Like many of my fellow well-seasoned peers in the human resource profession, I’ve learned not only to never say, “now I’ve seen it all,” I won’t even think it. Many of us have resigned ourselves to simply thinking – often out loud – “you can’t fix stupid.” To allow for a little variety in my thoughts and grumblings on the topic of human behavior, I’ve added the simple yet effective, “SERIOUSLY?” The futuristic, “in which parallel universe would that ever be acceptable?” And, the good old fashioned, “I’m glad I wasn’t around when their mother found out they did that!”
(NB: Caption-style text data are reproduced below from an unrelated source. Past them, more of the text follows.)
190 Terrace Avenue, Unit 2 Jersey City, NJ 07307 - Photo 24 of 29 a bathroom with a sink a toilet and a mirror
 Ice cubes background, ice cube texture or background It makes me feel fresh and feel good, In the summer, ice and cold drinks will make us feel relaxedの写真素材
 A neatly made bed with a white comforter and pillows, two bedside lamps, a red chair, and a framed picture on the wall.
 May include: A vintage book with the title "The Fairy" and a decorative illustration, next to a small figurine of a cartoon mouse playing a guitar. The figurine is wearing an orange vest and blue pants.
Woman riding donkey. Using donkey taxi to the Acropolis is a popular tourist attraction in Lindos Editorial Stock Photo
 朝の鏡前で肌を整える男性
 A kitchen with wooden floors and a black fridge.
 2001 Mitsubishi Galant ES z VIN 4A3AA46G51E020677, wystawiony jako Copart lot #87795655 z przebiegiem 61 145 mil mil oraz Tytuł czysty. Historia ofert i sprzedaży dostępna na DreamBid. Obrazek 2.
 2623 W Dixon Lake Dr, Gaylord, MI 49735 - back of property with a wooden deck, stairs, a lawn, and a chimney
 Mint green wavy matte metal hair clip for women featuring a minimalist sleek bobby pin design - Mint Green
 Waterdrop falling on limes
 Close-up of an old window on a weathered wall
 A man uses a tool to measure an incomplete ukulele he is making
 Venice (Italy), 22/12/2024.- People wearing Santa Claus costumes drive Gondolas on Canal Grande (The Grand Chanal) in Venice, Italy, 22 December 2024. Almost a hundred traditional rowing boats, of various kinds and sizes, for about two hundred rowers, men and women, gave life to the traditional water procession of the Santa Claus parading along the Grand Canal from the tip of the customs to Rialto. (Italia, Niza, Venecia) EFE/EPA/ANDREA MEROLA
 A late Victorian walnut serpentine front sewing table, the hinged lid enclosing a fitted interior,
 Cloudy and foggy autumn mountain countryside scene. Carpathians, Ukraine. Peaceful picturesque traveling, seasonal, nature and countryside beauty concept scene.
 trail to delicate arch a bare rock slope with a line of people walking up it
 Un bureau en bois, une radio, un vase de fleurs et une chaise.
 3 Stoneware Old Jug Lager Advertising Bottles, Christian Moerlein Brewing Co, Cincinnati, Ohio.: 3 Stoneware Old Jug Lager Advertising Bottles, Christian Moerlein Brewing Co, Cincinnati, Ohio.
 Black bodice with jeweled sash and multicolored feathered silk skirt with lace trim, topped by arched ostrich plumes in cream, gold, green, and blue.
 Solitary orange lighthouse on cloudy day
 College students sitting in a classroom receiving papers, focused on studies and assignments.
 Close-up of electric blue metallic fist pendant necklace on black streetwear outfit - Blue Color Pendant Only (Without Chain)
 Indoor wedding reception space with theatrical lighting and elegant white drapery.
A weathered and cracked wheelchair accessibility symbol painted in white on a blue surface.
My wife claims that I’ve been muttering my favorite new phrases a lot recently, and she’s probably right. Here are a few of the reasons why:
Employee fired for LEGO-based harassment
This is the story of Shawn Roy, a former food service worker at a nursing home. One of Mr. Roy’s pastimes outside of work was allegedly creating and posting violent and sexually explicit videos, using LEGO characters which resembled the nursing home’s executive director, the head of the food service department, and two female coworkers. Although Mr. Roy claimed that the LEGO characters portrayed celebrities and fictional characters in his movies, not his coworkers, his employer terminated his employment for misconduct, and successfully contested his New York State unemployment insurance benefits. It’s hard to pick just one phrase here but, LEGO porn? I’m glad I wasn’t around when his mother found out he did that!
Employee fired for being “too cute”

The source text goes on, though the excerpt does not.